__Exercise description__: Set down each entry from the block beneath, exactly as written.

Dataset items
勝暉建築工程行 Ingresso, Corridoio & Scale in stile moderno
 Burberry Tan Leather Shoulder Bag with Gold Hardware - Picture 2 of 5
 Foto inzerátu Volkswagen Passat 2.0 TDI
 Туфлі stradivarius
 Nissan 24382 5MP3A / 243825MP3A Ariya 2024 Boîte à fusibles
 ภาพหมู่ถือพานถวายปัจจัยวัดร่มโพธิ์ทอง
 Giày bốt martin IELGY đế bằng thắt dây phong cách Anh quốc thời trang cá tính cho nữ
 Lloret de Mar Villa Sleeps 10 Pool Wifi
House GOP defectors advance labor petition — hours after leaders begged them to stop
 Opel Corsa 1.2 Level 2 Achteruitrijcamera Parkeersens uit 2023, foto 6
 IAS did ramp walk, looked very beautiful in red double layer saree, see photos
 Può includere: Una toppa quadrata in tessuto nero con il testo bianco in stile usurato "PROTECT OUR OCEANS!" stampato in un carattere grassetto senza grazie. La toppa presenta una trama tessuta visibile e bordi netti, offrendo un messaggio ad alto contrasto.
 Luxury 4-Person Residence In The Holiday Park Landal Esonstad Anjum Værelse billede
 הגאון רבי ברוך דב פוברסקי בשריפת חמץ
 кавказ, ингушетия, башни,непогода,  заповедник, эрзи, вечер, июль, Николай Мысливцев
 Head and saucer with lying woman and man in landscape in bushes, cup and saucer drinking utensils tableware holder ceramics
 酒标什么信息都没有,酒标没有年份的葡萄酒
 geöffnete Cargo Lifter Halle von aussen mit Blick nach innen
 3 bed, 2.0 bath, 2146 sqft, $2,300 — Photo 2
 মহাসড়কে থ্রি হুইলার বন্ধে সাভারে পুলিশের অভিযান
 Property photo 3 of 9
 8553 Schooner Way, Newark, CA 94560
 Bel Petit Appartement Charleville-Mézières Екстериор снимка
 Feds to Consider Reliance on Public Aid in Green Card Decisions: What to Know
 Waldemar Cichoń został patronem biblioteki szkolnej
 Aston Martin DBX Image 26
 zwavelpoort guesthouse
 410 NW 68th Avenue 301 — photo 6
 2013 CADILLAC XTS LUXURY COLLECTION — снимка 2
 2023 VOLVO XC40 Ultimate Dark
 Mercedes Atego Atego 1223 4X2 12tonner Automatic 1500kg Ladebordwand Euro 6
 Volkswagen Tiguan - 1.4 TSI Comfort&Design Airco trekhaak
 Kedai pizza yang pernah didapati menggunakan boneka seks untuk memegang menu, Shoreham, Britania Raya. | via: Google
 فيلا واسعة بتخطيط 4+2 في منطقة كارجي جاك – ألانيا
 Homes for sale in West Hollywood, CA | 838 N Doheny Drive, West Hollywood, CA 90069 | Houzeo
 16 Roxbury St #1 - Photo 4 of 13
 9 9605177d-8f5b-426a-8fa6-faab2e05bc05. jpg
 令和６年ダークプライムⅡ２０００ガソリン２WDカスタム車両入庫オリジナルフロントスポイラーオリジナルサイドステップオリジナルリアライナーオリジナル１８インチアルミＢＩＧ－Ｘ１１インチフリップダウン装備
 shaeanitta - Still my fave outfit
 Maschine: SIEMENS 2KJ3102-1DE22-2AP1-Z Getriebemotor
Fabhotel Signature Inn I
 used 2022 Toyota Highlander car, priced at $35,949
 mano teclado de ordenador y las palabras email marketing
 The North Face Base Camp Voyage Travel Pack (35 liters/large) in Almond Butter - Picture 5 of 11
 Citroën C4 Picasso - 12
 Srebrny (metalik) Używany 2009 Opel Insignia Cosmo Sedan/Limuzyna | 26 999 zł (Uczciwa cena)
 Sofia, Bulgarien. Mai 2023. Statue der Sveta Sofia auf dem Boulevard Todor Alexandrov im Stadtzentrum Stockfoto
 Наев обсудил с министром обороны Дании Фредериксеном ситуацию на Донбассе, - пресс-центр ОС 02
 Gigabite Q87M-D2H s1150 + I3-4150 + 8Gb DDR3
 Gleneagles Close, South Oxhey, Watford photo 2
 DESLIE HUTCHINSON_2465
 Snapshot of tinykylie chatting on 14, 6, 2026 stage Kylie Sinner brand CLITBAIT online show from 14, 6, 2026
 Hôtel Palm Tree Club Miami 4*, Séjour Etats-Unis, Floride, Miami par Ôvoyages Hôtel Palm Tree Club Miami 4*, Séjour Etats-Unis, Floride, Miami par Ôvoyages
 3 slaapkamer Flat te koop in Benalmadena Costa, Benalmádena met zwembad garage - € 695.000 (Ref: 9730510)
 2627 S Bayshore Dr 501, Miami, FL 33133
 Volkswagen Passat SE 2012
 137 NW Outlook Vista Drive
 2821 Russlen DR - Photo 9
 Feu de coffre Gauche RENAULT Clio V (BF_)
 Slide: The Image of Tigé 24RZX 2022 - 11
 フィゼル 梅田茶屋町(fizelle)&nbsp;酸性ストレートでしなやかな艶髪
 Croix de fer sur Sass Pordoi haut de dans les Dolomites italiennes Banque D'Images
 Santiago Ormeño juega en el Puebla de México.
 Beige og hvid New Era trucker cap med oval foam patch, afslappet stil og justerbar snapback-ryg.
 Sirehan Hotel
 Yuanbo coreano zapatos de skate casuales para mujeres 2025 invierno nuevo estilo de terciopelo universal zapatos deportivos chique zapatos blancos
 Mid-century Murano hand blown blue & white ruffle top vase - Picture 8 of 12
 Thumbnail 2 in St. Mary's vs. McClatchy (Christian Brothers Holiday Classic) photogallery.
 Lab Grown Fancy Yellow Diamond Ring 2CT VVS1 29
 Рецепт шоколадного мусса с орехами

__Exercise output__:
勝暉建築工程行 Ingresso, Corridoio & Scale in stile moderno
 Burberry Tan Leather Shoulder Bag with Gold Hardware - Picture 2 of 5
 Foto inzerátu Volkswagen Passat 2.0 TDI
 Туфлі stradivarius
 Nissan 24382 5MP3A / 243825MP3A Ariya 2024 Boîte à fusibles
 ภาพหมู่ถือพานถวายปัจจัยวัดร่มโพธิ์ทอง
 Giày bốt martin IELGY đế bằng thắt dây phong cách Anh quốc thời trang cá tính cho nữ
 Lloret de Mar Villa Sleeps 10 Pool Wifi
House GOP defectors advance labor petition — hours after leaders begged them to stop
 Opel Corsa 1.2 Level 2 Achteruitrijcamera Parkeersens uit 2023, foto 6
 IAS did ramp walk, looked very beautiful in red double layer saree, see photos
 Può includere: Una toppa quadrata in tessuto nero con il testo bianco in stile usurato "PROTECT OUR OCEANS!" stampato in un carattere grassetto senza grazie. La toppa presenta una trama tessuta visibile e bordi netti, offrendo un messaggio ad alto contrasto.
 Luxury 4-Person Residence In The Holiday Park Landal Esonstad Anjum Værelse billede
 הגאון רבי ברוך דב פוברסקי בשריפת חמץ
 кавказ, ингушетия, башни,непогода,  заповедник, эрзи, вечер, июль, Николай Мысливцев
 Head and saucer with lying woman and man in landscape in bushes, cup and saucer drinking utensils tableware holder ceramics
 酒标什么信息都没有,酒标没有年份的葡萄酒
 geöffnete Cargo Lifter Halle von aussen mit Blick nach innen
 3 bed, 2.0 bath, 2146 sqft, $2,300 — Photo 2
 মহাসড়কে থ্রি হুইলার বন্ধে সাভারে পুলিশের অভিযান
 Property photo 3 of 9
 8553 Schooner Way, Newark, CA 94560
 Bel Petit Appartement Charleville-Mézières Екстериор снимка
 Feds to Consider Reliance on Public Aid in Green Card Decisions: What to Know
 Waldemar Cichoń został patronem biblioteki szkolnej
 Aston Martin DBX Image 26
 zwavelpoort guesthouse
 410 NW 68th Avenue 301 — photo 6
 2013 CADILLAC XTS LUXURY COLLECTION — снимка 2
 2023 VOLVO XC40 Ultimate Dark
 Mercedes Atego Atego 1223 4X2 12tonner Automatic 1500kg Ladebordwand Euro 6
 Volkswagen Tiguan - 1.4 TSI Comfort&Design Airco trekhaak
 Kedai pizza yang pernah didapati menggunakan boneka seks untuk memegang menu, Shoreham, Britania Raya. | via: Google
 فيلا واسعة بتخطيط 4+2 في منطقة كارجي جاك – ألانيا
 Homes for sale in West Hollywood, CA | 838 N Doheny Drive, West Hollywood, CA 90069 | Houzeo
 16 Roxbury St #1 - Photo 4 of 13
 9 9605177d-8f5b-426a-8fa6-faab2e05bc05. jpg
 令和６年ダークプライムⅡ２０００ガソリン２WDカスタム車両入庫オリジナルフロントスポイラーオリジナルサイドステップオリジナルリアライナーオリジナル１８インチアルミＢＩＧ－Ｘ１１インチフリップダウン装備
 shaeanitta - Still my fave outfit
 Maschine: SIEMENS 2KJ3102-1DE22-2AP1-Z Getriebemotor
Fabhotel Signature Inn I
 used 2022 Toyota Highlander car, priced at $35,949
 mano teclado de ordenador y las palabras email marketing
 The North Face Base Camp Voyage Travel Pack (35 liters/large) in Almond Butter - Picture 5 of 11
 Citroën C4 Picasso - 12
 Srebrny (metalik) Używany 2009 Opel Insignia Cosmo Sedan/Limuzyna | 26 999 zł (Uczciwa cena)
 Sofia, Bulgarien. Mai 2023. Statue der Sveta Sofia auf dem Boulevard Todor Alexandrov im Stadtzentrum Stockfoto
 Наев обсудил с министром обороны Дании Фредериксеном ситуацию на Донбассе, - пресс-центр ОС 02
 Gigabite Q87M-D2H s1150 + I3-4150 + 8Gb DDR3
 Gleneagles Close, South Oxhey, Watford photo 2
 DESLIE HUTCHINSON_2465
 Snapshot of tinykylie chatting on 14, 6, 2026 stage Kylie Sinner brand CLITBAIT online show from 14, 6, 2026
 Hôtel Palm Tree Club Miami 4*, Séjour Etats-Unis, Floride, Miami par Ôvoyages Hôtel Palm Tree Club Miami 4*, Séjour Etats-Unis, Floride, Miami par Ôvoyages
 3 slaapkamer Flat te koop in Benalmadena Costa, Benalmádena met zwembad garage - € 695.000 (Ref: 9730510)
 2627 S Bayshore Dr 501, Miami, FL 33133
 Volkswagen Passat SE 2012
 137 NW Outlook Vista Drive
 2821 Russlen DR - Photo 9
 Feu de coffre Gauche RENAULT Clio V (BF_)
 Slide: The Image of Tigé 24RZX 2022 - 11
 フィゼル 梅田茶屋町(fizelle)&nbsp;酸性ストレートでしなやかな艶髪
 Croix de fer sur Sass Pordoi haut de dans les Dolomites italiennes Banque D'Images
 Santiago Ormeño juega en el Puebla de México.
 Beige og hvid New Era trucker cap med oval foam patch, afslappet stil og justerbar snapback-ryg.
 Sirehan Hotel
 Yuanbo coreano zapatos de skate casuales para mujeres 2025 invierno nuevo estilo de terciopelo universal zapatos deportivos chique zapatos blancos
 Mid-century Murano hand blown blue & white ruffle top vase - Picture 8 of 12
 Thumbnail 2 in St. Mary's vs. McClatchy (Christian Brothers Holiday Classic) photogallery.
 Lab Grown Fancy Yellow Diamond Ring 2CT VVS1 29
 Рецепт шоколадного мусса с орехами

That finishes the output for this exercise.